With talk of ETF investments becoming ever more common in Taiwan, we take a look at what they are, how they work – and the pros and cons of ETF investments.
What is an ETF?
An exchange traded fund (ETF) is a pool of securities traded in an exchange.
ETF is essentially an open-end fund managed by fund managers, and can be traded like stocks throughout the day.
Most ETFs track an index, or benchmark, and try to replicate its performance.
One famous example of an ETF is SPDR S&P 500 ETF (SPY), which invests in a little part of every constituent company in the S&P 500 index.
ETFs come in various forms, and portfolios can contain assets such as stocks, futures, options and commodities.
The ETF price fluctuates in real time, along with shorting and longing of shares including in the basket place in the market.
Types of ETFs
- Bond ETFs: Provide exposure to bonds issued by a state authority; Treasury bills, notes, and municipal.
- Sector and industry ETFs: Provide exposure to a particular industry, such as oil, banking, or technology.
- Commodity ETFs: Track the price of a commodity, such as gold, crude oil, or crops.
- Currency ETFs: invest in foreign currencies such as the Euro or Canadian dollar.
- Inverse ETFs: Profit from stock declines or by shorting stocks. Shorting sells a stock, expecting a decline in value, and repurchasing it at a lower price.
- Market ETFs(Diversified passive equity ETFs): Track a particular index like the S&P 500 or NASDAQ.
- Active equity ETFs Active ETFs may offer the potential to outperform a market benchmark but may also carry greater risk and higher costs.
- Actively managed ETFs: Allow their managers to actively manage the fund by selecting investments, rather than passively tracking a benchmark index.
- Foreign market ETFs: Track non-US markets, such as Japan’s Nikkei Index or Hong Kong’s Hang Seng index.
ETF investors only have to do one transaction instead of buying various shares in the portfolio, lowering the commission costs.
Generally, trading ETFs incurs little cost as the frequency of trade lowers. Some brokers even offer no-commission trading for low-cost ETFs.
Advantages of ETFs
- Tax efficiency: Mutual fund managers may sometimes trade to achieve objectives, bringing more taxable gains in for shareholders.
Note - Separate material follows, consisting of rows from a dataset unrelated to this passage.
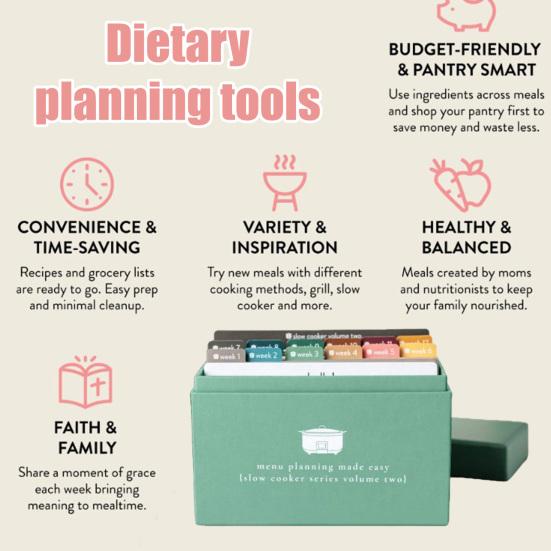 PPP Essensplaner mit 72 Foto-Rezeptkarten Wöchentlicher Menüplaner mit 12 Wiederverwendbaren Einkaufslisten 5 Leere Karten Und Box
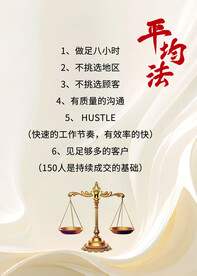 企业文化公司励志制度牌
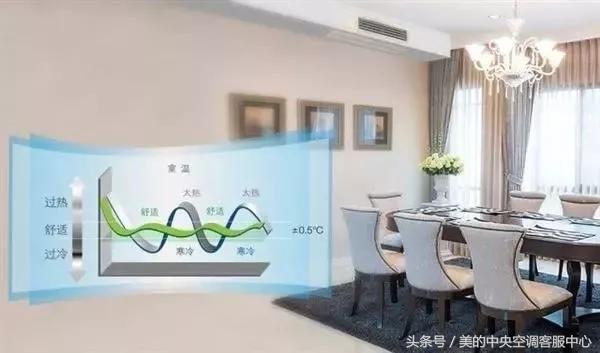 客厅中央空调安装在什么位置最好,2.75的层高适合安装中央空调吗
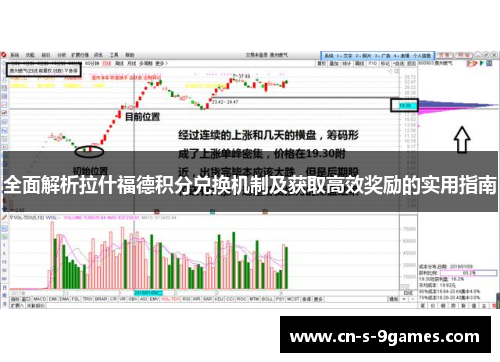 全面解析拉什福德积分兑换机制及获取高效奖励的实用指南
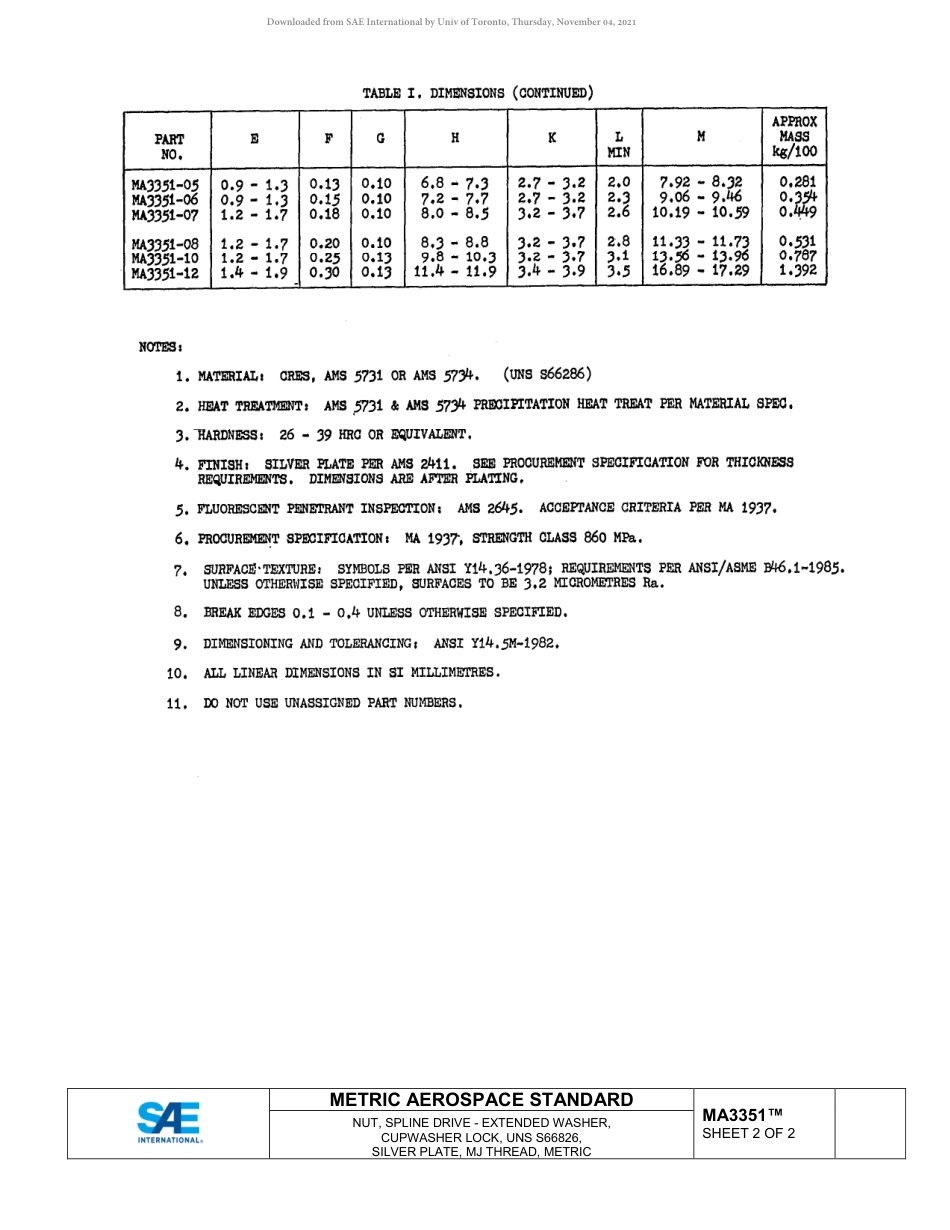 SAE MA 3351-2018.pdf_第2页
Whereas managers of index-based ETFs only make trades to match changes in their index.
- Low expenses: ETFs that are passively managed may have lower expenses than actively managed funds, the latter bear much higher risk and potentially higher return.
- Flexible trading: ETFs are traded at real-time prices and, throughout the day, investors can choose to long or short the shares of ETFs without limitations mutual funds impose.
- Diversification: By selecting an ETF to invest in, the investor can access various stocks, bonds, or other securities composed in the basket. In turn this lowers the risk of holding particular stocks.
Disadvantages of ETFs
- Trading costs: The trading flexibility of ETFs encourages frequent trading. It leads to higher trading costs and possible mistiming the market.
- Settlement dates: ETF sales are not settled for 2 days following a transaction; that means as the seller, your funds from an ETF sale aren’t technically available to reinvest for 2 days.
- Limited diversification: ETFs that focus on a single industry have greater risk of not offsetting the systematic risk in the market.
ETF trading has been a trend in recent years – and since artificial intelligence, machine learning and robo-investing have become household names, investing with mathematical models and statistics have started to gain investors’ trust.